Mas a polícia científica deixou vazar que há, sim, diferenças entre os detonadores encontrados no carro com a fita em árabe e os usados habitualmente pelo ETA. O grupo terrorista usa detonadores de alumínio, não de cobre, como os que foram encontrados.
É um tênue indício. Nada impede que o ETA tenha atualizado seus detonadores, tal como o fez, segundo Acebes, com o tipo de dinamite (comprado na Espanha).
De todo modo, o ETA ou, ao menos, alguém que se identificou como dirigente do grupo, telefonou para o jornal basco "Gara" e para a TV basca ETB para negar a autoria do atentado.

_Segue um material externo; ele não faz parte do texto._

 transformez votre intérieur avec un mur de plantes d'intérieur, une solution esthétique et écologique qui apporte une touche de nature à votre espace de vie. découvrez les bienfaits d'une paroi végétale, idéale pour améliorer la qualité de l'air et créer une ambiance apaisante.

"O ETA não tem nenhuma responsabilidade", disse o informante ao "Gara", jornal geralmente usado pelo grupo para assumir atentados. À ETB, disse que sua voz poderia ser confrontada com a de um dos dirigentes do ETA que, em fevereiro, anunciou uma trégua na Catalunha.

Ocultação?
A dúvida sobre a autoria provocou divergências entre governo e oposição, a dois dias da eleição geral de domingo, cuja campanha foi suspensa após os atentados.
O secretário de Organização do opositor PSOE (Partido Socialista Operário Espanhol), José Blanco, disse suspeitar que o governo estivesse ocultando a verdade até as eleições de domingo.

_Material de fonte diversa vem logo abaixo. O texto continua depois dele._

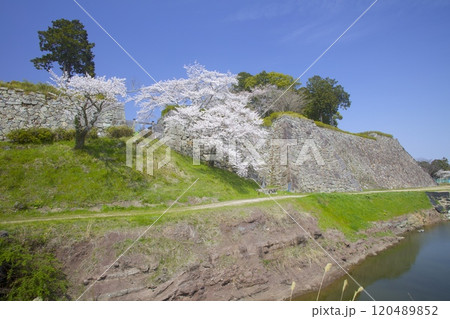 篠山城跡のお堀桜/兵庫県丹波篠山市 篠山城跡のお堀桜/兵庫県丹波篠山市 120489852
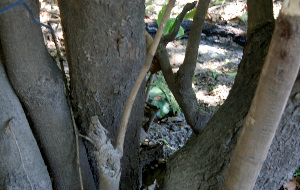  ( - BioBot00674)  @11 [ ] CreativeCommons - Attribution Non-Commercial Share-Alike (2010) Daniel H. Janzen Guanacaste Dry Forest Conservation Fund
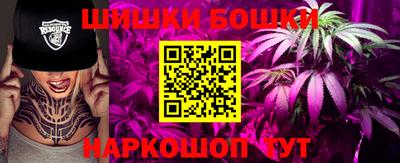 spice Кингисепп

Blanco acha que "há suspeitas fundamentadas de implicação do terrorismo internacional".
Na mesma linha foi o secretário-geral da Esquerda Republicana da Catalunha, que faz parte do governo catalão em coligação com os socialistas. "Exigimos que Aznar esclareça aos cidadãos antes das eleições se o massacre é obra da Al Qaeda", disse Josep Lluis Carod Rovira.

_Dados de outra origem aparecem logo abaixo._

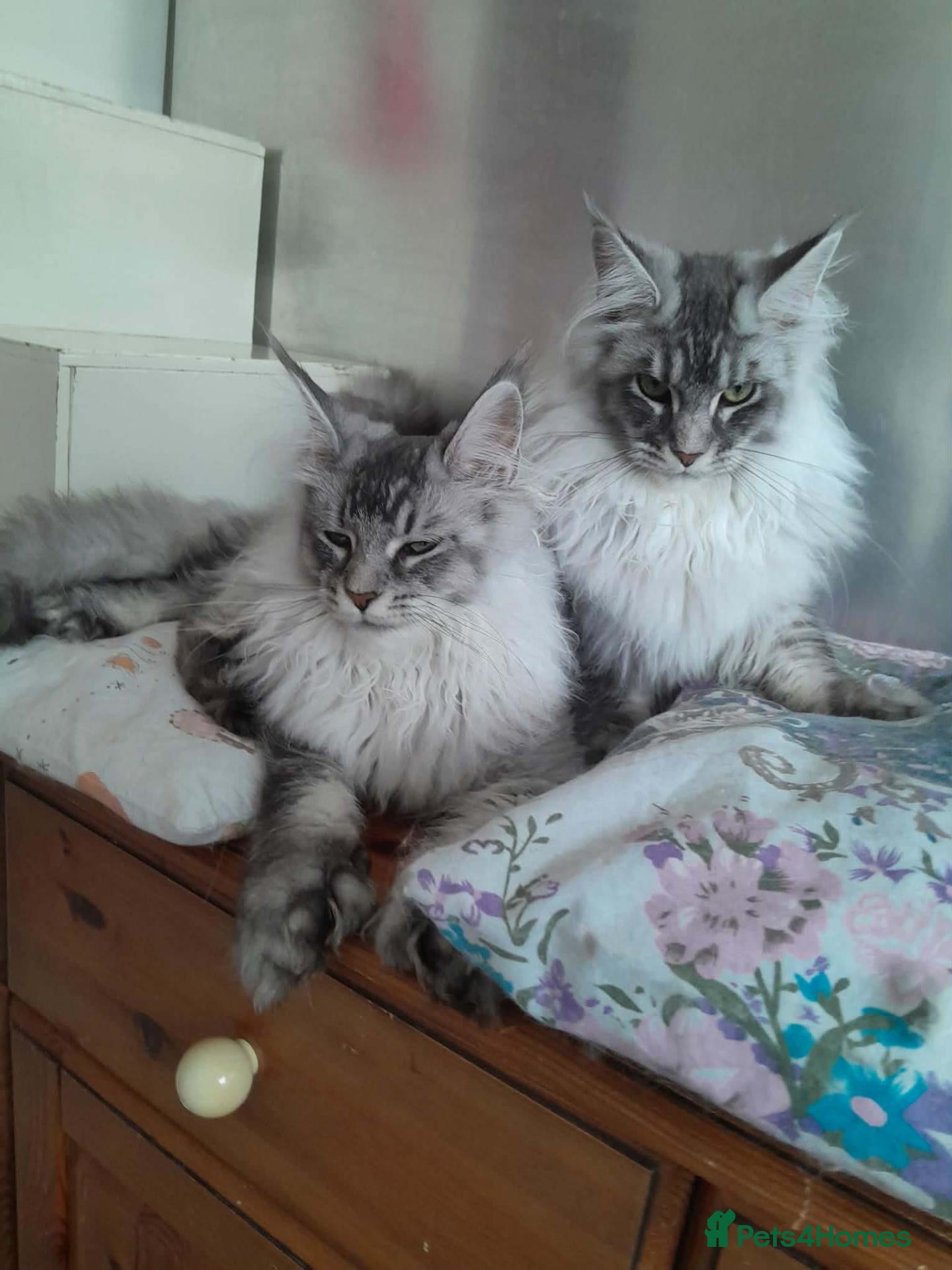 Maine Coon cats black silver/smoke TICA 3G boy&girl maine coon - Advert 1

Por fim, Juan José Ibarretxe, o "lehendakari", presidente do País Basco, afirmou que que "vítimas e familiares têm o direito de conhecer quem é o autor da barbárie".
Como é óbvio, o premiê José María Aznar (centro-direita), negou qualquer ocultação de fatos e ironizou: "Não façam "quinielas" [uma das loterias espanholas]".
"O governo deu toda a informação de que dispunha", afirmou. Lembrou ainda que telefonou duas vezes a Mariano Rajoy, candidato de seu próprio partido no domingo, e para o líder socialista e adversário de Rajoy, José Luis Rodríguez Zapatero, além dos diretores dos principais jornais, para informar sobre a situação.
Aznar defendeu seu ministro do Interior por ter, a princípio, culpado unicamente o ETA para só bem mais tarde introduzir a chamada "pista islâmica". O governo, disse seu chefe, responsabilizou diretamente o ETA pelos "muitos indícios que, como hipótese lógica, apontam para ela".
Para as vítimas, não faz diferença se quem os atingiu foi o ETA ou a Al Qaeda. Mas, política e talvez eleitoralmente, é relevante.
Se foi o ETA, o PSOE paga o preço de ser acusado reiteradamente pelo governo de ser brando com os terroristas bascos. Já, se for Al Qaeda, o preço será pago pelo PP (Partido Popular, de Aznar e Rajoy), porque foi à guerra no Iraque contra a opinião da grande maioria dos espanhóis.
Até ontem, segundo a Secretaria de Justiça, foram identificados os corpos de 153 vítimas.